→ Task prompt: Return the data below exactly as given, except for the images.

→ Provided material:
######

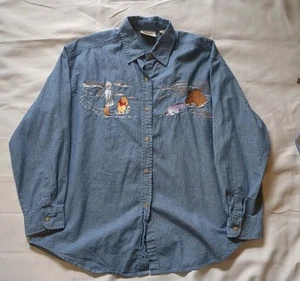 Vintage Winnie The Pooh Embroidered Long Sleeve Collared Shirt Women's Size L/XL - Picture 1 of 6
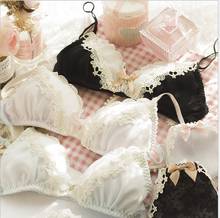 Romantic Underwear Women Set Lace Sexy Bra and Panty Set Cute Wire Free Ultra Thin Bra Thong Brief Sets Lolita Kawaii Lingrie 2024 - buy cheap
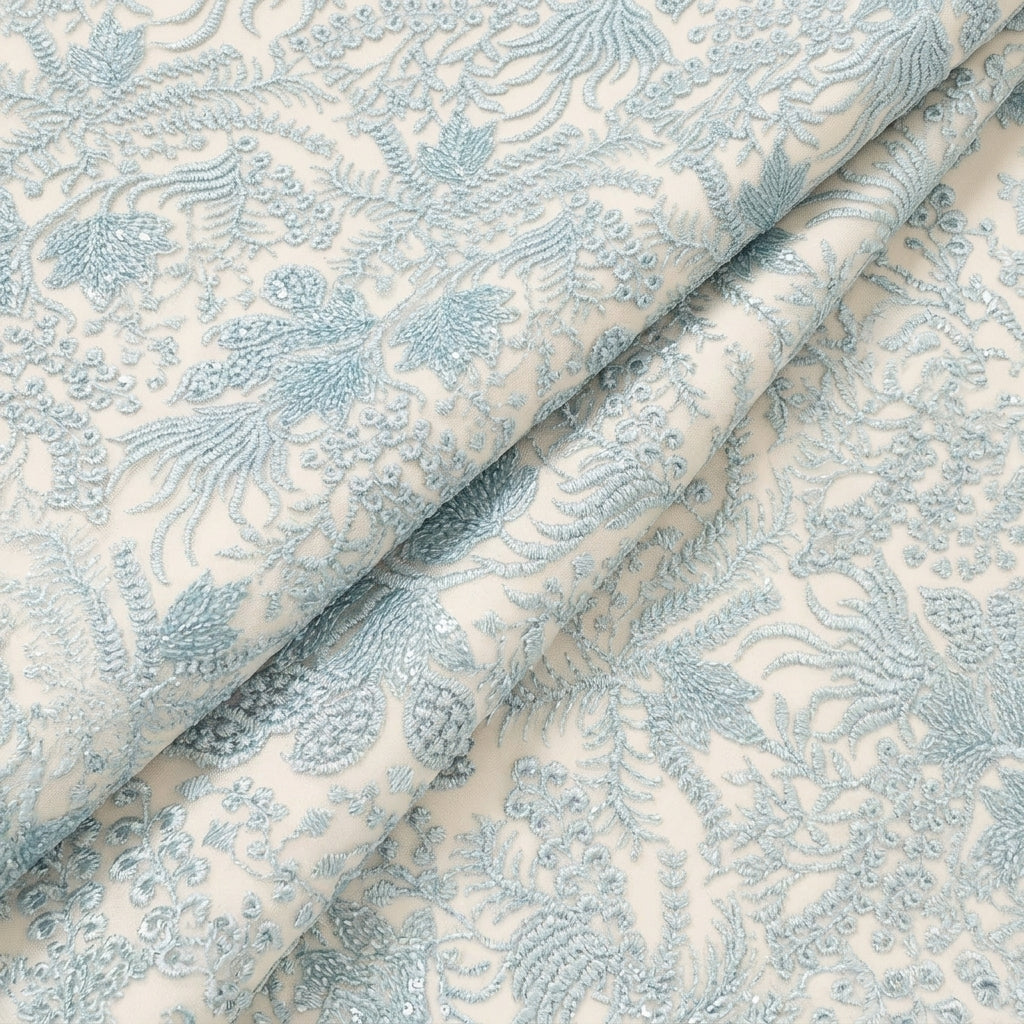 Folded Embroidery Light Blue Embroidery Net Fabric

######

→ Exercise answer:
 Vintage Winnie The Pooh Embroidered Long Sleeve Collared Shirt Women's Size L/XL - Picture 1 of 6
 Romantic Underwear Women Set Lace Sexy Bra and Panty Set Cute Wire Free Ultra Thin Bra Thong Brief Sets Lolita Kawaii Lingrie 2024 - buy cheap
 Folded Embroidery Light Blue Embroidery Net Fabric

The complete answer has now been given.